An oven full of sand

Posted: June 12, 2008

After several attempts, Phoenix has finally succeeded in filling one of its ovens with Martian soil, ready to sniff out and assess its ingredients, such as water.

"We have an oven full," says Phoenix co-investigator Bill Boynton of the University of Arizona. "It took 10 seconds to fill the oven. The ground moved."

Soil from the right trench, "Baby Bear", was successfully delivered to the TEGA instrument after several day's attempts. The left hand trench, "Dodo", was dug as a test. Each trench is about nine centimetres wide. Image: NASA/JPL-Caltech/University of Arizona/Texas A&M University.


The lander's Robotic Arm delivered a partial scoopful of clumpy soil from a trench informally called "Baby Bear" to the number 4 oven on the Thermal and Evolved Gas Analyser instrument (TEGA) last Friday, 12 days after landing. It took a nail biting several days of trying to shake the soil through the screen covers, which are designed to prevent larger bits of soil from clogging the narrow port to each oven, so that only fine particles fill the oven cavity.
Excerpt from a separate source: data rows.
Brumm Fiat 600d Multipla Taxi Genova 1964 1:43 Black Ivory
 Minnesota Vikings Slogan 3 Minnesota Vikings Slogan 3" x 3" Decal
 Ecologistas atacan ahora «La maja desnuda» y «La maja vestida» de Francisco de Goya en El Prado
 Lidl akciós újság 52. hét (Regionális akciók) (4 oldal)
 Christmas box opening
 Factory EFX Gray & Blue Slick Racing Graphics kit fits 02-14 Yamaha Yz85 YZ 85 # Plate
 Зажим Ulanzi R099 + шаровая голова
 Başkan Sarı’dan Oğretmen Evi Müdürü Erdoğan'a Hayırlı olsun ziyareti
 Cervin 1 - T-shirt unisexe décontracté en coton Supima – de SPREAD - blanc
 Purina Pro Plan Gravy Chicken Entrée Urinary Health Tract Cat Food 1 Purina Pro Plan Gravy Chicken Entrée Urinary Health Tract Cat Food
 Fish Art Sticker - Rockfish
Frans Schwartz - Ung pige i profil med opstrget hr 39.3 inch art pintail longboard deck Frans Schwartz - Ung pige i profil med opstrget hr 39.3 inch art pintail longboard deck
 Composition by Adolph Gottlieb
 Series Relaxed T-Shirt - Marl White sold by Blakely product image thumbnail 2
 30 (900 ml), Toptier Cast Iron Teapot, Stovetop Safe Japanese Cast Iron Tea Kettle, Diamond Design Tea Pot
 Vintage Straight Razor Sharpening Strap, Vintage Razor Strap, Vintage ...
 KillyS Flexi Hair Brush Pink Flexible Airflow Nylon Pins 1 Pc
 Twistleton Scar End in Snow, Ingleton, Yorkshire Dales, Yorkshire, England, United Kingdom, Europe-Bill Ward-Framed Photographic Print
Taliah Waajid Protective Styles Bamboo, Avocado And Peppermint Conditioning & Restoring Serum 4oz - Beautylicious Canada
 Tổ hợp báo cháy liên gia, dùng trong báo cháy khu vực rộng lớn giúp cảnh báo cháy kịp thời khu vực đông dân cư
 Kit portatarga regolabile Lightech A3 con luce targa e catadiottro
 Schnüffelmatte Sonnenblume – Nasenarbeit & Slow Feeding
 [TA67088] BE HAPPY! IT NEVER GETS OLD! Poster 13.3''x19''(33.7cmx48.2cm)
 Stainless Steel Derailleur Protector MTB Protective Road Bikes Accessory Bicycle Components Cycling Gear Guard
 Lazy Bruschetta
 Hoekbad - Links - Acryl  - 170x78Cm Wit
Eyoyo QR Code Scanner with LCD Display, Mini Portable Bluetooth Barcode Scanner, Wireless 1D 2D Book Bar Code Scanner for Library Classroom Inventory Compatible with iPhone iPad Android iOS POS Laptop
Each TEGA chute also has a whirligig mechanism that vibrates the screen to help shake small particles through.

Phoenix scientists speculated that the oven might have suddenly filled because of the cumulative effects of all the vibrating, or because of changes in the soil's cohesiveness as it sat for days on the top of the screen.

"There's something very unusual about this soil, from a place on Mars we've never been before," says Phoenix Principal Investigator Peter Smith of the University of Arizona. "We're interested in learning what sort of chemical and mineral activity has caused the particles to clump and stick together."

Plans prepared by the Phoenix team for the lander's activities today include sprinkling Martian soil on the delivery port for the spacecraft's Optical Microscope and taking additional portions of a high-resolution colour panorama of the lander's surroundings.